NEWARK, N.J. - Here's something the Flyers have not had to address this season: a three-game losing skid.
In a battle for first place in the Atlantic Division, John Madden's two goals helped the New Jersey Devils notch a 4-2 victory last night at the Prudential Center.
If the Flyers had won, they would have catapulted into first place based on fewer games played. Instead, they dropped four points behind New Jersey (39).
It has not been a December to remember: The Flyers are 2-4-1 this month.
"We've got to regroup and get back to playing 60 minutes," coach John Stevens said. "You come here and feel you had your chances and leave a goal short. It's the same old story. We have to find ways to win these hockey games - get the lead and keep the lead. I felt we had a letdown in the second period. We started chasing the game again."
The Devils capitalized on their chances and got an emotional lift from goalie Martin Brodeur, who stoned Danny Briere on a second-period penalty shot.
"Just before the penalty shot, I had a two-on-one and shot it wide," Briere said. ". . . Next shift, I get that breakaway, get hauled down, get that penalty shot. We're still on the power play, we're buzzing.
"I can't remember exactly what happened, but they go down and score that shorthanded goal. We had three, four good chances to score in a row. Brodeur made the key saves. For me, that was the point where you realize they had momentum on their side."
Briere delivered 6 minutes, 44 seconds into the third period with a power-play goal on a wrist shot, cutting the deficit to 3-2. That was as good as it got for the Flyers.
"Before, we were taking nights off completely," Briere said. "Now, it's like we're taking a period every game where we are not there, not making plays, and in a daze or something. I don't know how to explain it. We have to find ways to be more consistent."
After a scoreless opening period, the Flyers had a power play carry over into the second, and Mike Richards scored his 15th goal at 40 seconds to make it 1-0.
The lead lasted briefly as New Jersey tied it at 2:49 on a power-play goal by Madden, who knocked in a rebound on goalie Antero Niittymaki.
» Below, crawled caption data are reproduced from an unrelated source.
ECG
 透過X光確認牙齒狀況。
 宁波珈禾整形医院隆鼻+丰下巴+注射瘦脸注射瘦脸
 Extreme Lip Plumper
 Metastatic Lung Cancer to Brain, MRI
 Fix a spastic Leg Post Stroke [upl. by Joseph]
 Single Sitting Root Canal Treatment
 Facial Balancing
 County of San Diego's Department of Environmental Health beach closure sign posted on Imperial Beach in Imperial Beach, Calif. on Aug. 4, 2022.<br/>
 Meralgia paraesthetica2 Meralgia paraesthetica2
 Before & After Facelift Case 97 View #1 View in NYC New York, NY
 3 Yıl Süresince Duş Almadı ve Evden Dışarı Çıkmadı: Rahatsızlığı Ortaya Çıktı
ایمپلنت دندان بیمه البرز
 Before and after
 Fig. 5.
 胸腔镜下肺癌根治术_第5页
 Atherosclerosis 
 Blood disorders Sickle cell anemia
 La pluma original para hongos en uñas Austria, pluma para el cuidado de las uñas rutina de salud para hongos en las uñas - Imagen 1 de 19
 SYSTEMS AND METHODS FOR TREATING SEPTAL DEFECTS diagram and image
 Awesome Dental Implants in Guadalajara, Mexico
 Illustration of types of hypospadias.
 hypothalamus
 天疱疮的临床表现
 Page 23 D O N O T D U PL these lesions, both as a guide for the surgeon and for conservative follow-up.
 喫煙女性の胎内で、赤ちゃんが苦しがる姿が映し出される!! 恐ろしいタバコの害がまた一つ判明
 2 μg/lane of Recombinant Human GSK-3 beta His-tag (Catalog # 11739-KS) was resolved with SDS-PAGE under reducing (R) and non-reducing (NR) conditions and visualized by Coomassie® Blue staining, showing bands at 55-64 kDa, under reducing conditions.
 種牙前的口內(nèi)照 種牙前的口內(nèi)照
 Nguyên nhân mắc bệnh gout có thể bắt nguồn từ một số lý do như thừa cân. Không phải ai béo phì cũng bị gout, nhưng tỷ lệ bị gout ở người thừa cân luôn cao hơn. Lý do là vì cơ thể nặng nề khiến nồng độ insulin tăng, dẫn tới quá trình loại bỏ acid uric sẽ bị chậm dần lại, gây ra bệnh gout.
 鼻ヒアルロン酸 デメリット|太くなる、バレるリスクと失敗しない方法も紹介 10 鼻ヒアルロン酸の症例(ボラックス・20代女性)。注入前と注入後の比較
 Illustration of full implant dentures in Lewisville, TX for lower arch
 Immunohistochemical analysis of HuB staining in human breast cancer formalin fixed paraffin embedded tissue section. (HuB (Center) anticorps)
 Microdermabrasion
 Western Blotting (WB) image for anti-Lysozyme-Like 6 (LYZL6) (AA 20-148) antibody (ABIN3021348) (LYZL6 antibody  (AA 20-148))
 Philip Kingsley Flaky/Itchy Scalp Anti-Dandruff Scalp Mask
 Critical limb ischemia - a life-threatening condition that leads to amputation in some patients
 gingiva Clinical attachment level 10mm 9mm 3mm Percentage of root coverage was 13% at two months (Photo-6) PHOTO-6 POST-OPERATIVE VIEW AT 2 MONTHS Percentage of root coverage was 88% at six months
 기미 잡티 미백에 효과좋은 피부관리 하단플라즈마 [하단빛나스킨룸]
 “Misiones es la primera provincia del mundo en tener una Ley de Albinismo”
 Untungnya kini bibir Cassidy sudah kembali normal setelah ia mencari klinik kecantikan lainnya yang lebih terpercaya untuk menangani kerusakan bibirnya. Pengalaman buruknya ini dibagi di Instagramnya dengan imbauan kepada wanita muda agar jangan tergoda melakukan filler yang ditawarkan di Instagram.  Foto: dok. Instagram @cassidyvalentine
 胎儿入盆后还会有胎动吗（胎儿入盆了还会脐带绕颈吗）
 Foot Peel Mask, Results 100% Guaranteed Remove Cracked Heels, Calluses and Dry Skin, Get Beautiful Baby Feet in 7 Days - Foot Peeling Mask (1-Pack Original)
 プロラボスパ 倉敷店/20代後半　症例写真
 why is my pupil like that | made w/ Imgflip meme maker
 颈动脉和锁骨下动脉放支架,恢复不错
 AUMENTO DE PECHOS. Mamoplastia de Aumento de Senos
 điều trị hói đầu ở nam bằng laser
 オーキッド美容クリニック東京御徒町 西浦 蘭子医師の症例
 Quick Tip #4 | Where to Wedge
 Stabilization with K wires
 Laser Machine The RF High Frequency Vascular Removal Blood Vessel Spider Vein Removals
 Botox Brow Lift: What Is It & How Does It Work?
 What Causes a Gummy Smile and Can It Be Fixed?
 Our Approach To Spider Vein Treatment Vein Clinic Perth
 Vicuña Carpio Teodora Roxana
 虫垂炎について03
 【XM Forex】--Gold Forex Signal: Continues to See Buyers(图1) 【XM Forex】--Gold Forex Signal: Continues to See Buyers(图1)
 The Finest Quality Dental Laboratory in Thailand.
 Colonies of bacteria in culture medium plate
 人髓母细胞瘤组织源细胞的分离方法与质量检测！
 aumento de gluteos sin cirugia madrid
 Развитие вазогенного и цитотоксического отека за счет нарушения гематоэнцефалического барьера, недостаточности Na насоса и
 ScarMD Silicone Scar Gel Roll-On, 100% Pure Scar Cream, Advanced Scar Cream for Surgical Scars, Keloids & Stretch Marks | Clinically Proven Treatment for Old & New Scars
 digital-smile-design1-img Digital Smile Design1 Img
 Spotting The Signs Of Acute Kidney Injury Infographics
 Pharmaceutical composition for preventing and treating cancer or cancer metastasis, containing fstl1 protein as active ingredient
The Flyers got a huge break soon after on a four-minute major to Patrik Elias for high-sticking Derian Hatcher (it actually was Richards' stick), but they failed to score. During the sequence, Sheldon Brookbank hauled down Briere, leading to the penalty shot. With his stick, Brodeur snuffed the life out of Briere's five-hole attempt.
"I heard from someone before when you have a goalie like him or [Dominik] Hasek, they're not playing the same style as other goalies, so you try to do the unexpected," Briere said. "Very rarely do I go five-hole; I tried to surprise him with something different."
Brodeur said he thought Briere would try a backhand shot.
"But these guys are so great, you never know what they're going to do," Brodeur said. "Just before he took that penalty shot, he came in on a two-on-one and tried to go high glove. So, I kind of put that out of my mind. That helped me a little bit. He's such a skilled player, a little bit one way or the other and it's in the net, so I stayed in the middle, and he shot it right at me."
The save gave the Devils momentum as they quickly scored on Madden's shorthanded marker, his second goal of the game, off a two-on-one rush up the ice with Jamie Langenbrunner, making it 2-1 at 10:12.
"Penalty shots can be big turning points in games," Flyers winger Scottie Upshall said. ". . . At times like that, we need to put pucks in the net. Making big saves can be turning points."
Arron Asham made it 3-1 about 31/2 minutes later with a one-timer in the slot.
"We're only as good as our last game, and the last three, we haven't gotten the points we need to," Upshall said. "We sat down a few days ago and said we need to be at our best going into the Christmas break. With three games left, we need to really focus in on getting six points."